▽

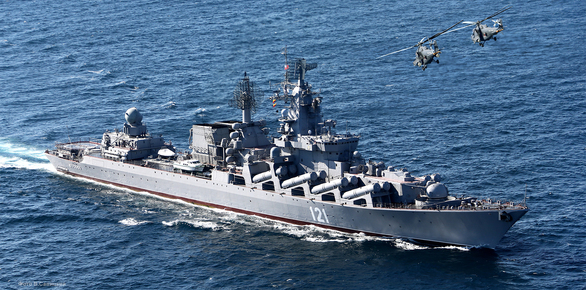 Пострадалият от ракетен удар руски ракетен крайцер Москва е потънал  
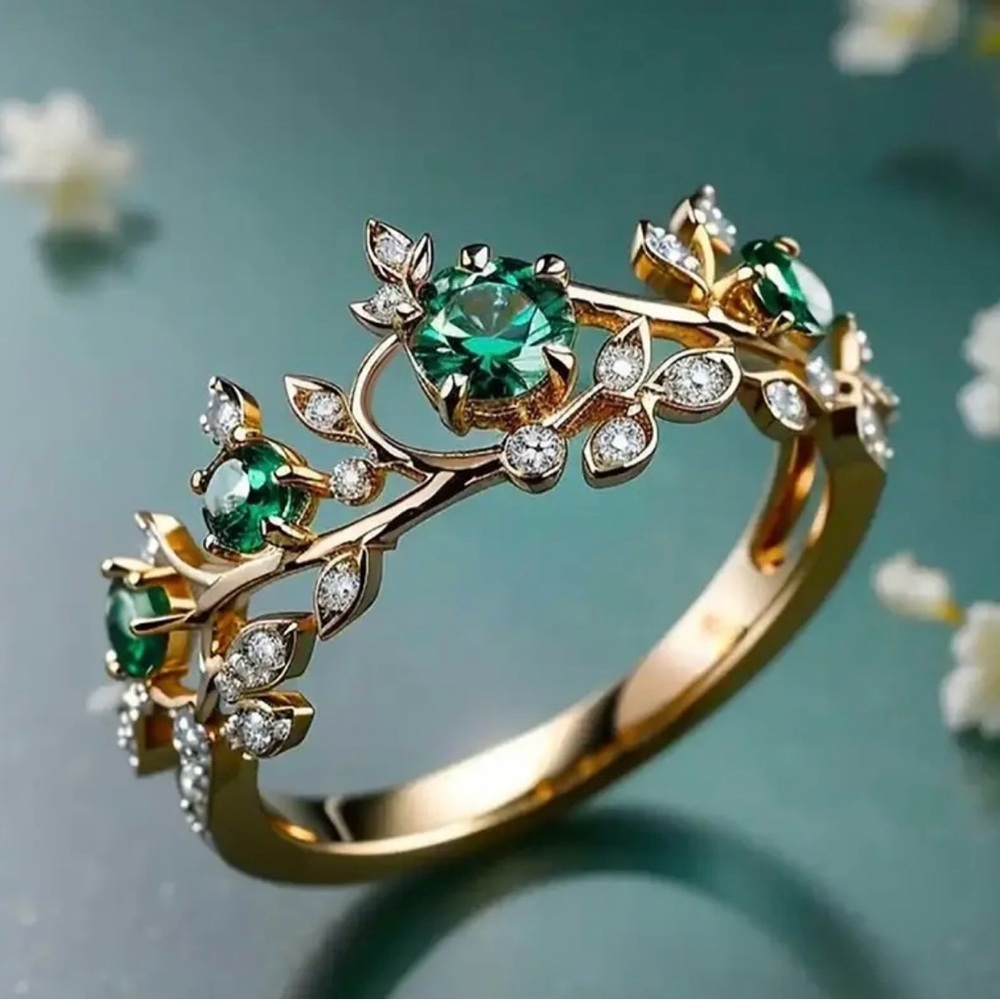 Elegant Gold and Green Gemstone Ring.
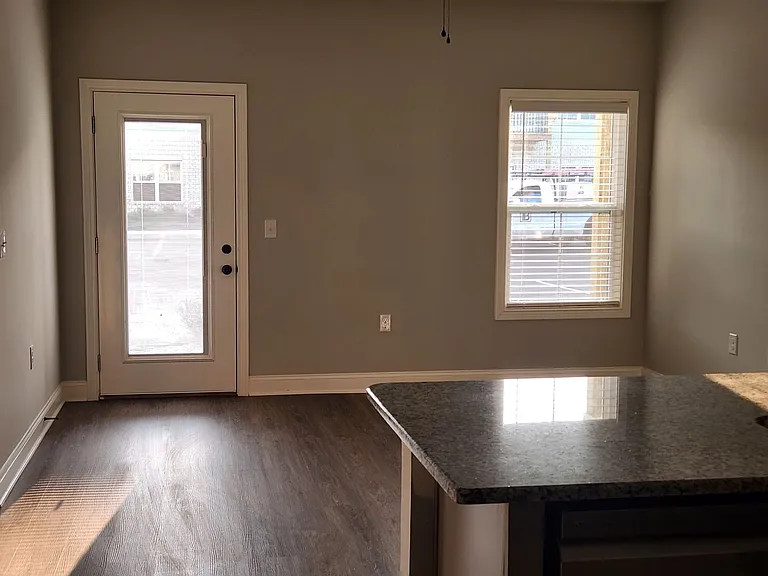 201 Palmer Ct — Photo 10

△

Line by line and exactly, write out the material above. Skip the pictures.

 Пострадалият от ракетен удар руски ракетен крайцер Москва е потънал  
 Elegant Gold and Green Gemstone Ring.
 201 Palmer Ct — Photo 10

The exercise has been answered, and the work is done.